第7章 共鳴する鐘の空

夕刻のルッカ。

陽が沈み、塔の影が街を縫っていく。

空には薄い雲が流れ、

風が鐘の音を運んでいた。


リーヴォはグイニージの塔の頂にいた。

足元には、昼に描いた「音の地図」。

青と白の線が風に揺れ、

その先に、小さな金色の粒が光っている。


塔の下では、キアーラとロレンツォが広場を見上げていた。

二人の影が長く伸び、

街の屋根と重なっている。


「今日、鐘が重なるわ。」

キアーラの声が風に溶けた。

「ルッカとフィレンツェ――同じ時刻に鳴らすの。」

ロレンツォが頷く。

「“七つめの音”。街をつなぐ約束の鐘だ。」


リーヴォは空を見上げる。

雲の切れ間から光が差し、

塔の影がゆっくりと動く。

風が止む。

街全体が息をひそめた。


そして――最初の鐘が鳴った。


一度。

ルッカの鐘楼が震え、

音が城壁を越えていく。


二度。

空が金色に染まり、オリーブの葉が光を弾く。


三度。

鳥たちがいっせいに飛び立ち、

風が戻ってくる。


四度。

リーヴォの紙の上に影が走った。

キアーラが息を呑む。

「鐘の影が……紙に写ってる。」


五度。

ロレンツォが低く言う。

「フィレンツェの鐘だ。
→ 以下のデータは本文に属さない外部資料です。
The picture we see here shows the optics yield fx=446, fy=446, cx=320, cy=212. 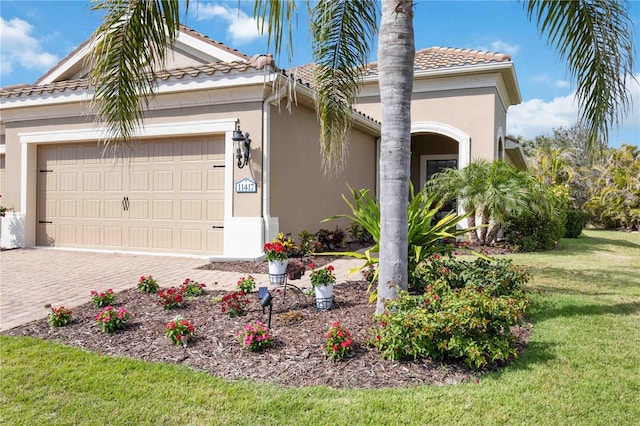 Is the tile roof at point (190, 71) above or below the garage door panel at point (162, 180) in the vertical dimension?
above

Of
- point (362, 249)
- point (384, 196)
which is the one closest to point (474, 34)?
point (384, 196)

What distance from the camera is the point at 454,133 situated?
44.0 feet

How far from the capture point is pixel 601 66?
4.82 metres

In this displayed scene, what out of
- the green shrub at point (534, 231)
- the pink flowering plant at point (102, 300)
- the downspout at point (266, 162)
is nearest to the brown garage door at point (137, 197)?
the downspout at point (266, 162)

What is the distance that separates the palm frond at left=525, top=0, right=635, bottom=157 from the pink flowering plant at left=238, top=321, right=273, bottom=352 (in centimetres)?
392

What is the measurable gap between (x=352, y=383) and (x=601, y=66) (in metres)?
4.28

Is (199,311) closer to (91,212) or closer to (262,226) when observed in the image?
(262,226)

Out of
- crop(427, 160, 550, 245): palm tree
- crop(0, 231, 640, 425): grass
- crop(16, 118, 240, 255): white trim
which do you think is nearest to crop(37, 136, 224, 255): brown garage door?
crop(16, 118, 240, 255): white trim

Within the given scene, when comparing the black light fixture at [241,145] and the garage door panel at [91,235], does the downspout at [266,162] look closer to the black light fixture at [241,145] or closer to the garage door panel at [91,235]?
the black light fixture at [241,145]

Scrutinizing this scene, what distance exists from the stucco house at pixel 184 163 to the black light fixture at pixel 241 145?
0.05m

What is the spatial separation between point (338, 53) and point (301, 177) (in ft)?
14.1

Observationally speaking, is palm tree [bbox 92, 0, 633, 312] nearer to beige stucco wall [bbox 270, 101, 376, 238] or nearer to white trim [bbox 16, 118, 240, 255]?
beige stucco wall [bbox 270, 101, 376, 238]

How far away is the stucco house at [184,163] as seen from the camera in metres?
8.97

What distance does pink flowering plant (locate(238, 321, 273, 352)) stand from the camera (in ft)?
12.3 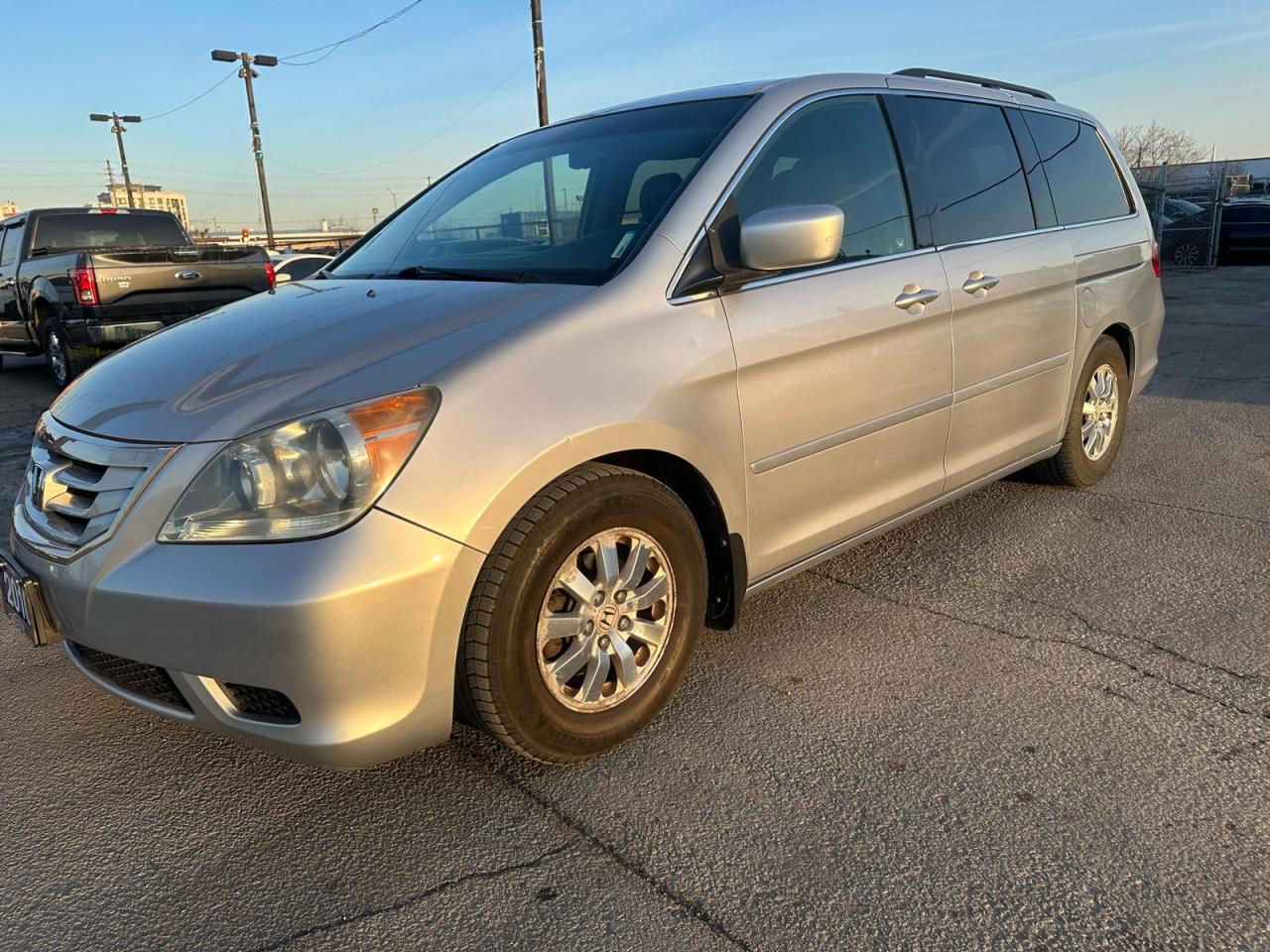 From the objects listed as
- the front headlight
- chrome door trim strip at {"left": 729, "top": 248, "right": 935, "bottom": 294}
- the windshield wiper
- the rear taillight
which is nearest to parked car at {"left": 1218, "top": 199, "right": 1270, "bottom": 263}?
chrome door trim strip at {"left": 729, "top": 248, "right": 935, "bottom": 294}

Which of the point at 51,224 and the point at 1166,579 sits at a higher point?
the point at 51,224

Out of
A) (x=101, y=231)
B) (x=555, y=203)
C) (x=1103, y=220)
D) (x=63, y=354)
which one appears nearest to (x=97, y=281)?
(x=63, y=354)

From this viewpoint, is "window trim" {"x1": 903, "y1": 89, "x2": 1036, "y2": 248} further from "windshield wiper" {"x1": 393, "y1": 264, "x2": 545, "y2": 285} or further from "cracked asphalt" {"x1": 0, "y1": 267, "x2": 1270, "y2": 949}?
"windshield wiper" {"x1": 393, "y1": 264, "x2": 545, "y2": 285}

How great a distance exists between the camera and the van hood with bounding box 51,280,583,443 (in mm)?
2148

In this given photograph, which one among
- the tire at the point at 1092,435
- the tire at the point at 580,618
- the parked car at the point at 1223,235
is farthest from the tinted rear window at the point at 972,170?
the parked car at the point at 1223,235

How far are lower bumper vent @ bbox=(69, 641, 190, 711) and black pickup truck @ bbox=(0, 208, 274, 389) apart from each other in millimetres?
6496

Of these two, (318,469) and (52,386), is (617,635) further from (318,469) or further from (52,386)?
(52,386)

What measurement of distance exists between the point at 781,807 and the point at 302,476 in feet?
4.46

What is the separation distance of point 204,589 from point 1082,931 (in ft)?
6.25

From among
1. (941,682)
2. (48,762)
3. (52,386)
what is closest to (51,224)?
(52,386)

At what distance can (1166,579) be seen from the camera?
138 inches

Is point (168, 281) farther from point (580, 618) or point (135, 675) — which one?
point (580, 618)

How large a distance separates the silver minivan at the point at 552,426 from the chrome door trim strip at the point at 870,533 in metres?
0.02

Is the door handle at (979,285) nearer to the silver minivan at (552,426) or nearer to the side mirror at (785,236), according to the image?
the silver minivan at (552,426) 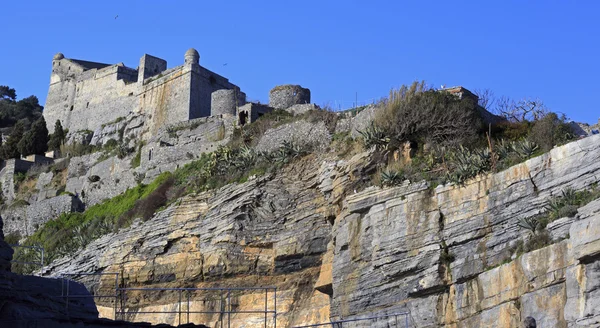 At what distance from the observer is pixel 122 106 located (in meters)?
43.4

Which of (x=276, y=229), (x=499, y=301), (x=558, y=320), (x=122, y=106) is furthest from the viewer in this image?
(x=122, y=106)

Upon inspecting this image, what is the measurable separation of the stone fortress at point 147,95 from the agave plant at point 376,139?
8.30m

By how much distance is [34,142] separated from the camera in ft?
146

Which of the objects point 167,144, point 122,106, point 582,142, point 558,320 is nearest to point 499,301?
point 558,320

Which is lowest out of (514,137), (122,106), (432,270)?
(432,270)

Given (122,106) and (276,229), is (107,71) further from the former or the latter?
(276,229)

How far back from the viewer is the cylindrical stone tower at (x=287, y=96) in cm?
3291

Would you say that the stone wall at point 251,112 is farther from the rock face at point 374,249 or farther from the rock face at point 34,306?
the rock face at point 34,306

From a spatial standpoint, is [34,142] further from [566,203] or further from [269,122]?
[566,203]

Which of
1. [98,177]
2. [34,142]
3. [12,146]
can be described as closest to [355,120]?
[98,177]

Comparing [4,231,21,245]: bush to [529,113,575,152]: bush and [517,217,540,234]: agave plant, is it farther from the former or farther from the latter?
[517,217,540,234]: agave plant

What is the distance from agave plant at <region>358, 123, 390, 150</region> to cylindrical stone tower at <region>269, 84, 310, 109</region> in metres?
8.96

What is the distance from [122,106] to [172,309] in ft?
61.7

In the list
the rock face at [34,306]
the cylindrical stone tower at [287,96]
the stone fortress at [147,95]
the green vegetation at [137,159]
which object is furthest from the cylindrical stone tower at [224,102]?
the rock face at [34,306] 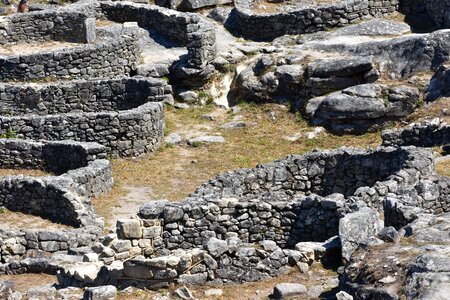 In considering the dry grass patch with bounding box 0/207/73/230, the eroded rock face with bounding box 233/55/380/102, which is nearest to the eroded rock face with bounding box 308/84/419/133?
the eroded rock face with bounding box 233/55/380/102

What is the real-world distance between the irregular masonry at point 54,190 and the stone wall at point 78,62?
21.0 feet

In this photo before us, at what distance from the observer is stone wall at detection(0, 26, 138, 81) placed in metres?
40.1

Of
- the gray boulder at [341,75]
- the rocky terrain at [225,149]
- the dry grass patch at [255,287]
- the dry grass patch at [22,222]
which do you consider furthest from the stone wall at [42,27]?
the dry grass patch at [255,287]

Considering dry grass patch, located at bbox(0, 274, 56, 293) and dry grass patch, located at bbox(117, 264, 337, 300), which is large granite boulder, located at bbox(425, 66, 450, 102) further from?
dry grass patch, located at bbox(117, 264, 337, 300)

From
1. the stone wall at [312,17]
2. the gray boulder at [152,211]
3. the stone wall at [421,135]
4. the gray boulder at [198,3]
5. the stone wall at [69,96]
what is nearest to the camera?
the gray boulder at [152,211]

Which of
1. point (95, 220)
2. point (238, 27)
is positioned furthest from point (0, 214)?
point (238, 27)

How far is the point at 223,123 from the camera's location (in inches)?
1475

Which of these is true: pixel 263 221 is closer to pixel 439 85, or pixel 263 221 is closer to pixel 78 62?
pixel 439 85

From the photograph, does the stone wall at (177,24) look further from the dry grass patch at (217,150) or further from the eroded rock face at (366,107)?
the eroded rock face at (366,107)

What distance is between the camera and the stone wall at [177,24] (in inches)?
1558

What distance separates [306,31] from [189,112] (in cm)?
554

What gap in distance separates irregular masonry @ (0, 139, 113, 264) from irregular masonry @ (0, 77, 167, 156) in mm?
1466

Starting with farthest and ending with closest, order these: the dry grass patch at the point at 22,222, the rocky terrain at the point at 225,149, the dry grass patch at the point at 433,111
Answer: the dry grass patch at the point at 433,111
the dry grass patch at the point at 22,222
the rocky terrain at the point at 225,149

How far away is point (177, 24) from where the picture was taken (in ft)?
142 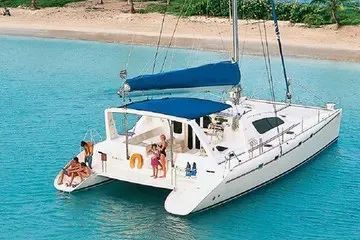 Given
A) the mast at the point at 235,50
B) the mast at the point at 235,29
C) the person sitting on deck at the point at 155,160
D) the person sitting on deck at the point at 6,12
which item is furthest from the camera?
the person sitting on deck at the point at 6,12

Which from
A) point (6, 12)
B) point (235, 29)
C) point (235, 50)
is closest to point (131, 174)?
point (235, 50)

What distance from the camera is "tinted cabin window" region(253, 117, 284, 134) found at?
935 inches

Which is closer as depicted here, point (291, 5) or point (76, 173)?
point (76, 173)

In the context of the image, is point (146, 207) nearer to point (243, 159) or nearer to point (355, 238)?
point (243, 159)

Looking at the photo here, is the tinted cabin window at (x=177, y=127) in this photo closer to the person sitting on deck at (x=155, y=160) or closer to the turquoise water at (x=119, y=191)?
the person sitting on deck at (x=155, y=160)

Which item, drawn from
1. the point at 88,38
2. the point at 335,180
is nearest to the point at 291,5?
the point at 88,38

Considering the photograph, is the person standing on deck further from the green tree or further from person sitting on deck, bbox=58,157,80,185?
the green tree

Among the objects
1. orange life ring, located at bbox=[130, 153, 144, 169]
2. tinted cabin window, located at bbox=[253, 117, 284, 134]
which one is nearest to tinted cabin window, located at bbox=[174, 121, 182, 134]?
orange life ring, located at bbox=[130, 153, 144, 169]

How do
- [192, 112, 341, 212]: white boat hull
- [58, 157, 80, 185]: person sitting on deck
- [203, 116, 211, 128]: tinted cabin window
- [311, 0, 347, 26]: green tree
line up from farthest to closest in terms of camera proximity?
[311, 0, 347, 26]: green tree < [203, 116, 211, 128]: tinted cabin window < [58, 157, 80, 185]: person sitting on deck < [192, 112, 341, 212]: white boat hull

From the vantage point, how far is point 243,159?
2145cm

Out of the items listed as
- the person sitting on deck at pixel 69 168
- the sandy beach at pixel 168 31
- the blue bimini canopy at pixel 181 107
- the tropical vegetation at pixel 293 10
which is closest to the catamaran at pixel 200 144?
the blue bimini canopy at pixel 181 107

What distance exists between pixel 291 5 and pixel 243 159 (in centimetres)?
3551

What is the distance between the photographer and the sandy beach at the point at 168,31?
48363 mm

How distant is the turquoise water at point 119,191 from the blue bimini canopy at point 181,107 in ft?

」

音が南の空から届く。

二つの街の鐘が、ひとつの旋律を作り始めた。


六度。

風が渦を巻き、塔全体が唸る。

リーヴォの鉛筆が震え、

紙の上に新しい線が浮かび上がる。

白い光の線。


そして――七度目の鐘。


世界が一瞬、息を止めた。

音が重なり、消える。

その沈黙の中で、

塔の上に淡い光の輪が現れた。


リーヴォの紙から、青い粒が舞い上がる。

風に乗り、塔の周囲を回る。

粒はひとつ、またひとつ、

夜空に溶けながら帯を描いた。


「ピッコロ……!」

リーヴォが叫ぶ。

「鐘が……空で繋がってる!」


フィレンツェの方角で、鐘が応えた。

ルッカとフィレンツェ。

二つの街の音が重なった瞬間、

空の中に青い道が見えた。


リーヴォは震える手でその線を指した。

「これが……約束の道。」


風が強く吹く。

光がその道を照らし、

青が金に溶けていく。


リーヴォは目を閉じ、

その音を胸の奥で聴いた。

“mutatio completa est”――

その言葉が、今、静かに形を変える。


《Promessa iniziata》

――約束が、始まった。


風が塔を包む。

青い粒が光になり、

街の屋根に、壁に、

そして人々の影に降りていく。


鐘が鳴り終える。

静寂。


しかし、その沈黙の奥で、

まだ誰も聴いたことのない“八つめの音”が眠っていた。



夜。

キアーラは広場のベンチでノートを開いていた。

風がページをめくり、

ロレンツォが隣で小さく笑う。


「変化は終わった。でも……また始まる気がする。」

キアーラが言う。

「変化は終わりじゃない。

 約束がある限り、鐘は鳴る。」


その声を、塔の上の風が聴いていた。

星が瞬き、夜がゆっくりと呼吸をする。

月明かりに照らされたリーヴォの紙には、

新しい線が一本、増えていた。


それは――かつて空を翔けたスズメの、羽音のような線だった。


未来の鐘の場所。

まだ誰も知らない、“八つめの音”。